** STUDY MATERIAL **
+ + + + +

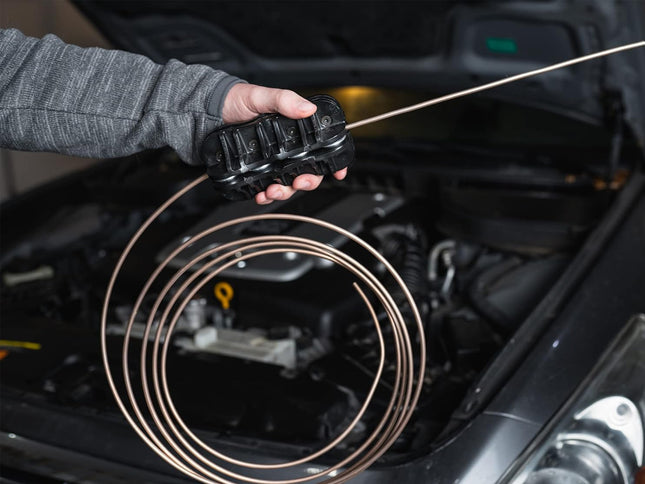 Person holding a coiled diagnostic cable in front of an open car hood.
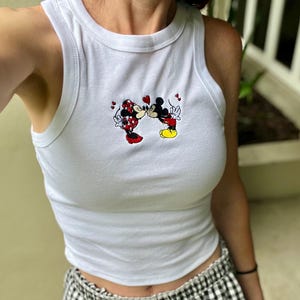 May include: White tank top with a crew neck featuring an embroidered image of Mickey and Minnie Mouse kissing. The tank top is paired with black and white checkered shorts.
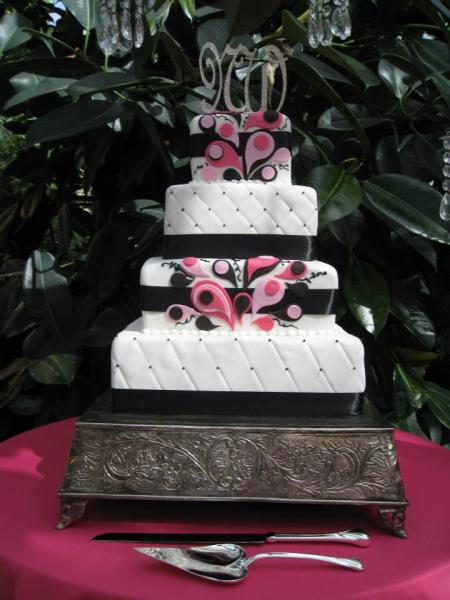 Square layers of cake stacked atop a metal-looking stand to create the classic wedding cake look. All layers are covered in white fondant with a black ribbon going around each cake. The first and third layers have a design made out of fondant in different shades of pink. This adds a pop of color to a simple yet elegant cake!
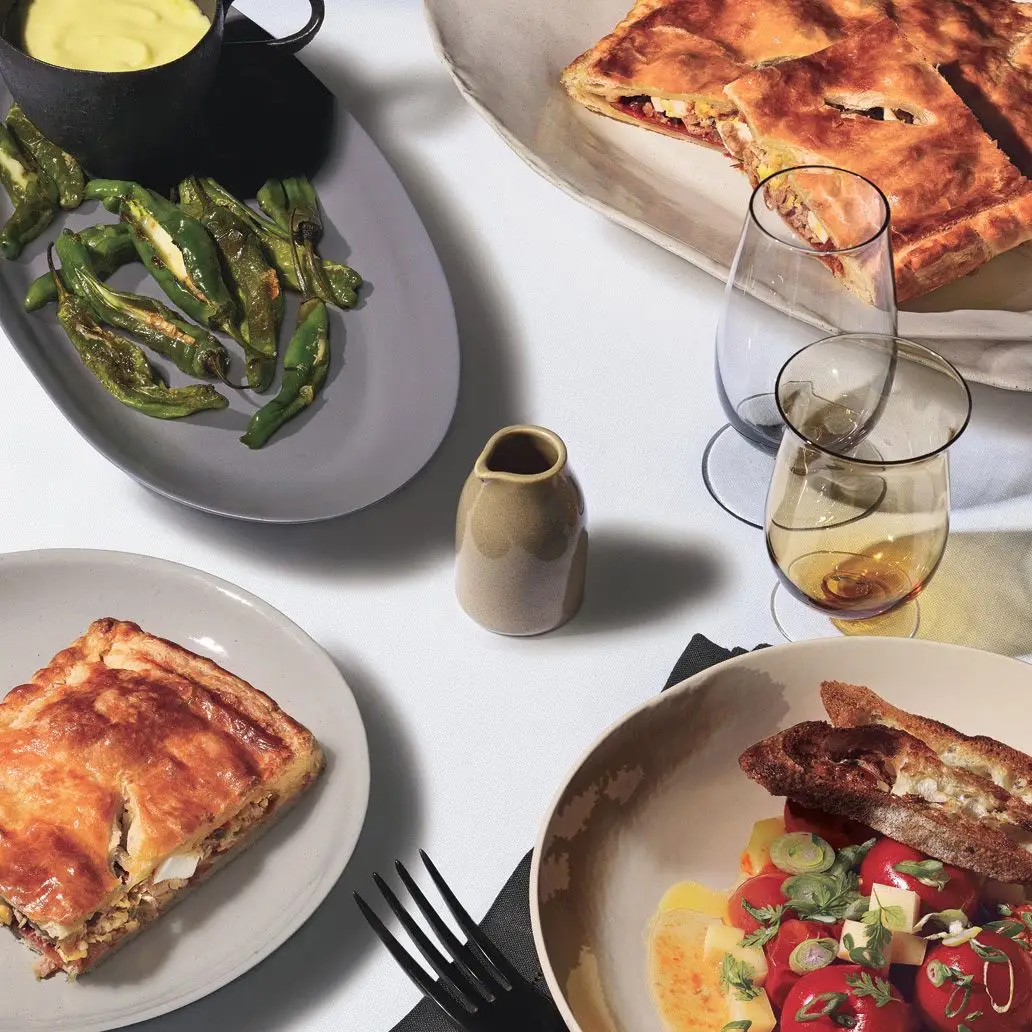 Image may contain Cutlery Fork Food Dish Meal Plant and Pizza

+ + + + +

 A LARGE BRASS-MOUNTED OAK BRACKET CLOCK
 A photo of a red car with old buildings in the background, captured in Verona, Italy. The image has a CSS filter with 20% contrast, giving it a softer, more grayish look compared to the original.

+ + + + +

** ACTION ITEM **
What is wanted is an exact copy of the lines above from the one containing "Person holding a" through the one containing "May include: White", with no pictures in it.

** YOUR SOLUTION **
 Person holding a coiled diagnostic cable in front of an open car hood.
 May include: White tank top with a crew neck featuring an embroidered image of Mickey and Minnie Mouse kissing. The tank top is paired with black and white checkered shorts.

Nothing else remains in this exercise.